Norway is a strong supporter of the Secretary-General’s reform agenda. We welcome the vision in his June report, and look forward to the December report.
For us, country level delivery will be the litmus test for success. Changes at headquarters and regional levels should follow from needs and impediments identified at country level. We will therefore focus our comments primarily on the country level and on funding.
But first, let me emphasize that the mapping of functions and capacities asked for in the QCPR provides a rare opportunity to consider adjustments in the mandates – and perhaps even merger – of some of the many entities belonging to the UN development system. We have noted that the Department of Economic and Social Affairs (DESA) has not been part of the mapping exercise. We hope to see that DESA is included in the further analysis and development of recommendations on functions and capacities of the UN development system.
The Country level.
An independent Resident Coordinator with authority is key to ensure that the UNDS will deliver as expected at country level. Norway has been an advocate for splitting the dual role as UN Resident Coordinator and Resident Representative for UNDP at country level, and we do thus support this proposal.
It is crucial to define clearly the authority of the Resident Coordinator as well as the mutual accountability between the RC and members of the country team. It is our view that a direct reporting line from members of the country team to the Resident Coordinator in matters relating to implementation of joint priorities is key for improvement, complementing the existing reporting line to their respective headquarters.
The Resident Coordinator system also needs sufficient and robust funding, with more financial resources than today. A total funding package is necessary.
Norway supports the idea of developing different models for physical country presence, based on the country context and national priorities. We have advocated for a differentiated approach to UN engagement at the country level. The UN cannot and should not do everything everywhere. We have to ensure that the total limited resources are used in an efficient manner.

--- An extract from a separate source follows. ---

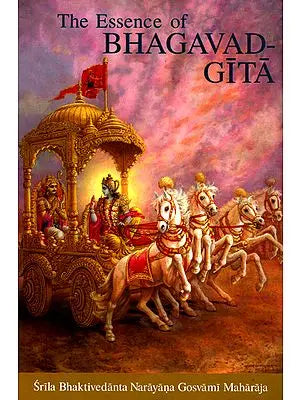 The Essence of Bhagavad Gita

We welcome the Secretary-General’s idea of a funding compact. The rationale for such a funding compact should be to overcome the present mismatch between what member states expect from the system and the way we fund it. The aim should be to ensure enhanced flexible and predictable financial resources – through increased core resources and outcome-based thematic support to individual organizations, and substantially increased use of inter-agency funding mechanisms at global, regional and country levels. The task is thus to strengthen the multilateral character of the UNDS and the burden sharing among member states again must come higher on the agenda, in particular in the case of core resources. It also means that the call for more flexible resources has to be addressed to all member states “in a position to do so”, not merely traditional major donors, as well as to non-state contributors.